-- What to work on --
All pictures are to be omitted while the lines starting at the line with "Uzaki Chan Wa Asobitai 125 13" and ending at the line with "Toyota C-HR 2021 Petrol" in the material below are retyped exactly, both ends included.

-- Extracted information --

<<<<

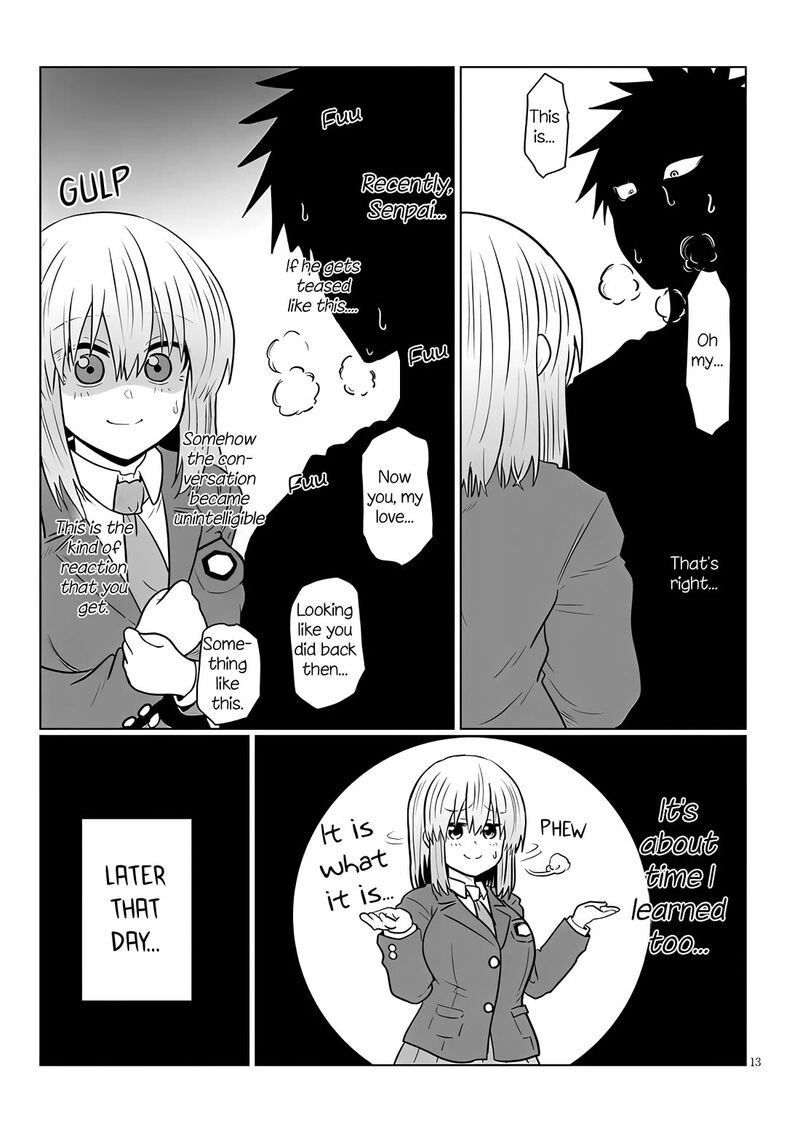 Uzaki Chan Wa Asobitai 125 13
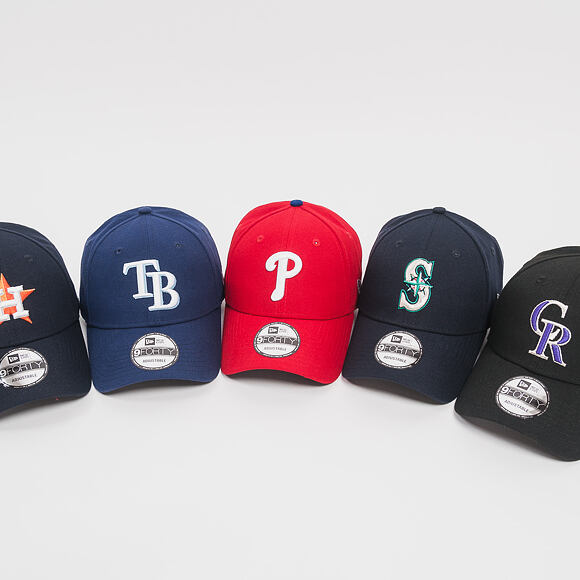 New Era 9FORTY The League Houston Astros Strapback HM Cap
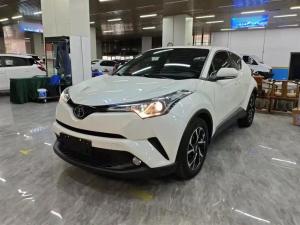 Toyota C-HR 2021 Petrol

>>>>
<<<<

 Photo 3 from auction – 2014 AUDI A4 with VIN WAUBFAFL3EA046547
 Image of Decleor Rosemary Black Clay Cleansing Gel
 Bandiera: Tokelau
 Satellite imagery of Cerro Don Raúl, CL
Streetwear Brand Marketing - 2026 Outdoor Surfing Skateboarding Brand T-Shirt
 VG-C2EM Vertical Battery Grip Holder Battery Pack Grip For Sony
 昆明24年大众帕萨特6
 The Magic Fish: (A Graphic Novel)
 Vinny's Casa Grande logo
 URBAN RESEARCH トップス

>>>>

-- Final answer --
 Uzaki Chan Wa Asobitai 125 13
 New Era 9FORTY The League Houston Astros Strapback HM Cap
 Toyota C-HR 2021 Petrol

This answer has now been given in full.